Friday, March 18, 2011

A Discovery of Witches by Deborah Harkness

I'm just going to say it outright. This book is an intellectual Twilight. I don't mean that as an insult. That's just what I felt while I was reading it. It's a paranormal romance set in academia. Diana, the main character, is a witch who has spent her whole life trying to hide that part of her world. It catches up to her when she requests an old manuscript as part of her academic research. She can tell the book is magic and sends it back. Suddenly, the world of witches, vampires and daemons fall upon her. This book is an alchemic manuscript that has been searched for by members of all three supernatural species for hundreds of years. Matthew, a vampire who has been searching for the manuscript, believes it will help save the creatures from extinction, though his motives are definitely questionable at first. As if the recalling and subsequent sending back of the manuscript isn't enough, Diana and Matthew fall in love, angering the entire supernatural world by breaking an old treaty barring inter-species relationships.

I did love some of the supporting characters, even more than Matthew and Diana. Diana's aunts are wonderful, as is Marthe, Matthew's housekeeper. My favorite, however, would have to be Diana's family house. Yes, the house is a character in this book.

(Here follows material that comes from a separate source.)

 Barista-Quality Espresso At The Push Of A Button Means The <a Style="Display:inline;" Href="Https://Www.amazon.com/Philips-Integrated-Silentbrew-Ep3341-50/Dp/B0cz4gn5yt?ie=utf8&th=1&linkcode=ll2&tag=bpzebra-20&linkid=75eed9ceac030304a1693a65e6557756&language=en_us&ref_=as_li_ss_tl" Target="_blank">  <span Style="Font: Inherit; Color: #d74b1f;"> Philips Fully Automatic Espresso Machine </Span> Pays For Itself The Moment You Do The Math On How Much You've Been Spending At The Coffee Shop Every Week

I thought it was a nice and unique touch. The house is a true witch house, hiding things away for years, adding a room when visitors are expected, etc.
This book is long. I think  it could have been at least 100 pages shorter. Also, the alchemy content was hard to understand, but it isn't absolutely necessary to enjoy the book. Another thing I didn't like (to no fauly of the author) is that I had assumed that this was a stand-alone book. When there were 200 pages left for me to read, I started wondering how she was going to wrap it up by the end. At the 100 page mark, I knew there must be an upcoming sequel. I guess I just like to know ahead of time.
After I finished the book, I was skimming through the reviews on Goodreads. It seems as if this book has more extreme votes (1/2 stars or 5 stars) than many other books. People either love it or hate it. As always, there are reviews like mine that "rate" A Discovery of Witches somewhere in the middle. I do that because I can honestly see both sides. I found the book enjoyable as I was reading it. At the same time, however, I don't know if this book was memorable enough to read the sequel. I spent way too much time trying to decide what rating to give this book, especially after reading this post by Janssen on why she stopped ranking. I think from now on I'll only rank if it's an easy choice. If the number keeps changing and going up and down like this did, I'm not going to worry about it.